Human Rights NGOs and the "Foreign Funding Debate" in Egypt
The “foreign funding debate’’ refers to a set of debates within Egyptian civil society over the advantages and disadvantages of Egyptian NGOs accepting funds from non-Egyptian, particularly Western, organizations (nongovernmental and governmental). These debates have become particularly heated with regard to human rights NGOs because of the more politicized nature of their work and the political activist origins of many human rights advocates.1 Debates over foreign funding take part among and between NGO activists, members of political parties, journalists, and intellectuals in seminars, in informal gatherings, and via the media. In addition, the government adds to the debate by determining the legality of accepting funds from abroad.2 The topic of foreign funding has become so ubiquitous that it is currently impossible to discuss the subject of human rights NGOs in Egypt without someone mentioning the ‘‘F’’ word (funding).
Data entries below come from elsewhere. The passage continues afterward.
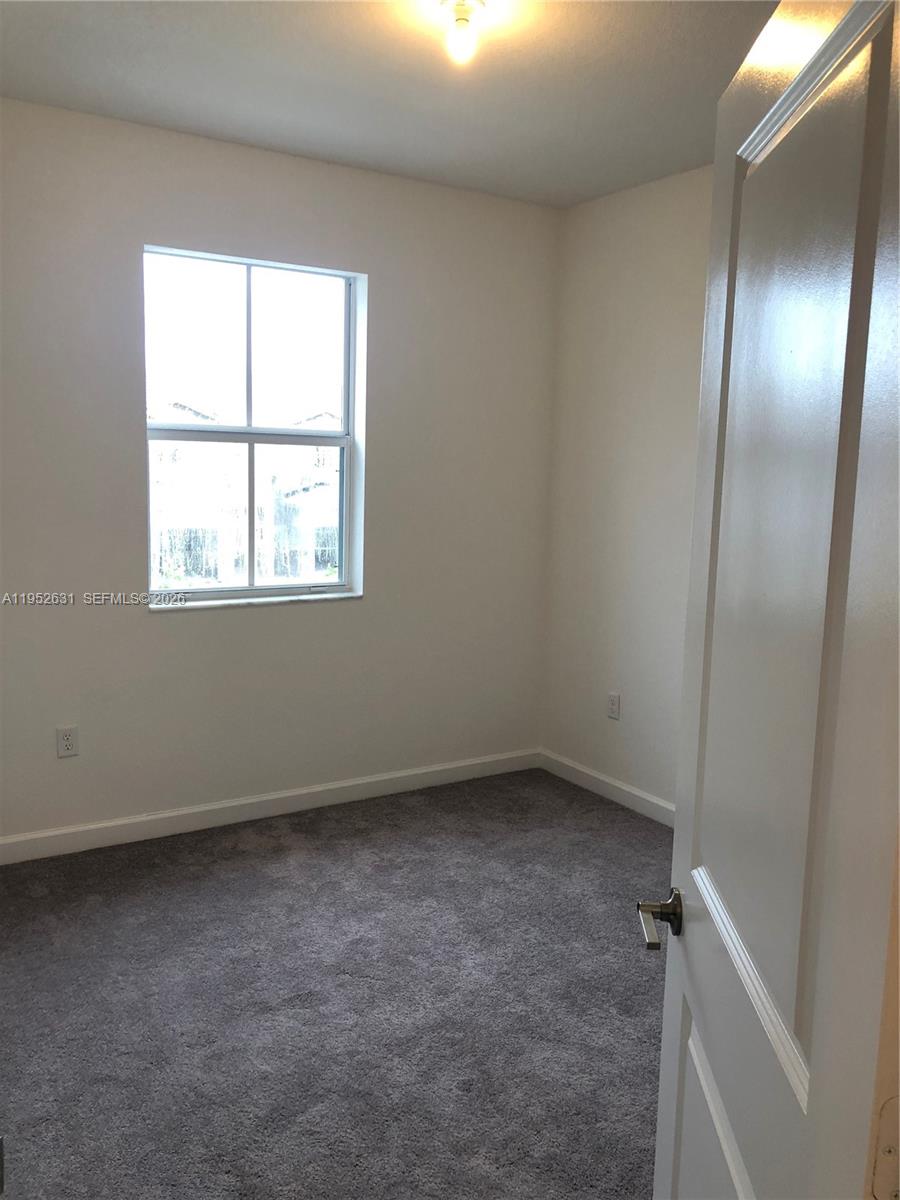 2610 Southeast 13th Street Homestead, FL 33035 - Photo 12 of 24 an empty room with a window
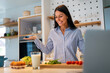 Beautiful young woman is preparing healthy food in the kitchen. Diet, healthy lifestyle concept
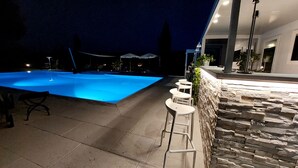 A swimming pool with a stone wall and bar stools on one side, and a patio area with a stone wall and a lamp post on the other.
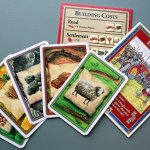 Players trade and spend resources to build their settlements on the island of Catan. (Andy Bronson / The Herald)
The foreign funding debate is not about NGO financial matters but about the identity of those who provide funds (that is, organizations located in the West) and Egypt’s relationship with them.3 The foreign funding debate constitutes a discourse largely promoted by Egyptian civil society for controlling Egyptian human rights NGOs and regulating their relations with the West. In this sense, the foreign funding debate does not reflect an objective reality about NGOs and foreign funding. It is not based on rigorous, empirical observation of the impact of foreign funding on NGO operations. Rather, it represents a dominant way of thinking about or interpreting Egypt’s relations with the West. Nevertheless, this discourse not only operates in the realm of ideas about Egypt and the West but also shapes the real practices of the state and civil soci?ety toward Egyptian NGOs, thereby illustrating the link between discourse and power.4
Representations of and attitudes toward Egypt’s relations with the West have been shaped by more than two hundred years of encounters between the Occident and Orient, particularly by the experience of the French and British occupation of Egypt. Anticolonial resistance in Egypt (and other colonies) was constructed around an identity that celebrated the supposedly inherent cultural and moral differences between the colonized and the colonizers.5 While the construction of essentialized difference was a tool of empowerment during the struggle against colonialism, today it has become a mechanism of authoritarian politics. The continued desire to maintain the boundaries between ‘‘us’’ and ‘‘them’’ and to perceive everything Western as a threat leads to a situation in which civil society condemns those who transgress the boundaries in the name of protecting the nation-state. Human rights NGOs that have forged links with organizations in the West have become a target of such condemnation, and the foreign funding debate represents a means of disciplining them.
This chapter identifies the principal trends within the foreign funding debate in Egypt. I will demonstrate how, despite the apparent variety of positions, they all adhere to the internal logic of the binary division separating Egypt from the West and the role of Egyptian civil society in maintaining this division in order to resist ‘‘dangerous’’ Western influences. Even those who seek to defend foreign funding, frame their arguments within this logic. In light of the dangers of reproducing essentialized differences between Egypt and the West, in the final section I argue for a deconstruction of the binary oppositions that give meaning to the foreign funding debate.